**About this exercise**:
What number of lines in the records below hold the word "Suede"? Give that number alone.

Web page caption snippets
━━━━━━━━

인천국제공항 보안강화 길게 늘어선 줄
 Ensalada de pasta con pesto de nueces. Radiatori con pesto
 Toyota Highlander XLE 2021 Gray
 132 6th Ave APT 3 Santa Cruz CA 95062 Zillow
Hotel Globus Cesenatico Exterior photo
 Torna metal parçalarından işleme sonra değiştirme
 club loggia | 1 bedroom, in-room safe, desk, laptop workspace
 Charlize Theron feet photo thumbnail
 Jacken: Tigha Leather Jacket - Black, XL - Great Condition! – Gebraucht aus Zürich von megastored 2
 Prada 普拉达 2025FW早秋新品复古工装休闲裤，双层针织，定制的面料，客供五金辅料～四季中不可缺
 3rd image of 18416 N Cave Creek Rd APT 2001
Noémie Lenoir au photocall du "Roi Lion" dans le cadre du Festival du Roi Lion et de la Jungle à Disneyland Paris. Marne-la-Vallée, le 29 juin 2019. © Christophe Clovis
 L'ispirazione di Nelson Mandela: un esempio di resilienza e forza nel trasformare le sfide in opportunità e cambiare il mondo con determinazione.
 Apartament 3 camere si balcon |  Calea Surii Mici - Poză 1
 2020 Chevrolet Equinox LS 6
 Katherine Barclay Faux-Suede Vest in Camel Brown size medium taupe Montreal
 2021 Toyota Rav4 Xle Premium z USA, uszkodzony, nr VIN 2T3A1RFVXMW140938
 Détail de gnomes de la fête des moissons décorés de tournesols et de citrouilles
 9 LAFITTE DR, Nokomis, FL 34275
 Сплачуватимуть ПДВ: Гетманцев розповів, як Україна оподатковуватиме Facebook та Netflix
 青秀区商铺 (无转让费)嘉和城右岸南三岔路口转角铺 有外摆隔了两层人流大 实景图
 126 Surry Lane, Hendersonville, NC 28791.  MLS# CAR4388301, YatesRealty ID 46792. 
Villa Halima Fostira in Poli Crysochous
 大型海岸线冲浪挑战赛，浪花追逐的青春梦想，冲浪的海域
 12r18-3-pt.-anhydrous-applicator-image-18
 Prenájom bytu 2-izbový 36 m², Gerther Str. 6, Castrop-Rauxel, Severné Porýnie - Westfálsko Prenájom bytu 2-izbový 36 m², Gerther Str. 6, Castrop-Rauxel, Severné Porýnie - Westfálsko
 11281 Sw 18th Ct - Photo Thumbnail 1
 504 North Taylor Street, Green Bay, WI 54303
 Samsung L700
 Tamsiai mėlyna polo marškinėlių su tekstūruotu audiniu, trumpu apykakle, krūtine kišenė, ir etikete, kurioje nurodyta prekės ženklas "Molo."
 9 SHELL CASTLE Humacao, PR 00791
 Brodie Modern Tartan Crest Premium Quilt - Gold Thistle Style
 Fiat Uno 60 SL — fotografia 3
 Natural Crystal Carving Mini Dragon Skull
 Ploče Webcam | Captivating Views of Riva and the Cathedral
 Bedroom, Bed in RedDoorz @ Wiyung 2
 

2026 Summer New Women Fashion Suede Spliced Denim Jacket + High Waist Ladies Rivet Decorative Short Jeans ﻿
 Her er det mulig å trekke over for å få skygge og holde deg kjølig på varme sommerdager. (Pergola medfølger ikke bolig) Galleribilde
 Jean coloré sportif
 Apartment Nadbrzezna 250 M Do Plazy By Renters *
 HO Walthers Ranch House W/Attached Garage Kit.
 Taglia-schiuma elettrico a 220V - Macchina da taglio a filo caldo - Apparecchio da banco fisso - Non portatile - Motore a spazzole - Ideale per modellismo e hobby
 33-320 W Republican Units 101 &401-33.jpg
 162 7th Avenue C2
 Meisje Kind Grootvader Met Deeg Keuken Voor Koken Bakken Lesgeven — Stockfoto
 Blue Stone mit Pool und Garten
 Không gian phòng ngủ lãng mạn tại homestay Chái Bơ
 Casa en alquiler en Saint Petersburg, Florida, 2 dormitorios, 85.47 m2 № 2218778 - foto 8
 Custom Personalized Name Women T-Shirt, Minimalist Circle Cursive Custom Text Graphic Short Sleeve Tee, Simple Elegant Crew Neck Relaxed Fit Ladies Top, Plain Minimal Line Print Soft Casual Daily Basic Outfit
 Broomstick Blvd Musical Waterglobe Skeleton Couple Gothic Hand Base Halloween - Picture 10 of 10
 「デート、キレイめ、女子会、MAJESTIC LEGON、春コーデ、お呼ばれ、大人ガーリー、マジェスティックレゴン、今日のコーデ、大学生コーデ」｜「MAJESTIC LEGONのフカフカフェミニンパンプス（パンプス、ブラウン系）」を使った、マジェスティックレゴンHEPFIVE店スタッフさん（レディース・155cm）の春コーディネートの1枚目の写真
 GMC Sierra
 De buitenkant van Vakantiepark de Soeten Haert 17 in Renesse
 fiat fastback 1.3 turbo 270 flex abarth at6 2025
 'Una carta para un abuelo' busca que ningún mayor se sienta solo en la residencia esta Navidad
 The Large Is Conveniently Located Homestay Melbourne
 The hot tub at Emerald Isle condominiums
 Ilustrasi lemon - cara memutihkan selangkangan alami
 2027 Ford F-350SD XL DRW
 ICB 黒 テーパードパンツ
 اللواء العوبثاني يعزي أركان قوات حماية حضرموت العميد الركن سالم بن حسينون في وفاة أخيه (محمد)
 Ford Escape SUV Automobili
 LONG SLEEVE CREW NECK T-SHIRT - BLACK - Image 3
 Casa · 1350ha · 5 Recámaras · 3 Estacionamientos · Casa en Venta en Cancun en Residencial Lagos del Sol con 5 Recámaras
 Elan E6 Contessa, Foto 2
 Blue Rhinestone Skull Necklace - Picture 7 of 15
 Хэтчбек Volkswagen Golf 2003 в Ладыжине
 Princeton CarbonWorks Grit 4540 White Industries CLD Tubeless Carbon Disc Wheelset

━━━━━━━━

**Expected output**:
2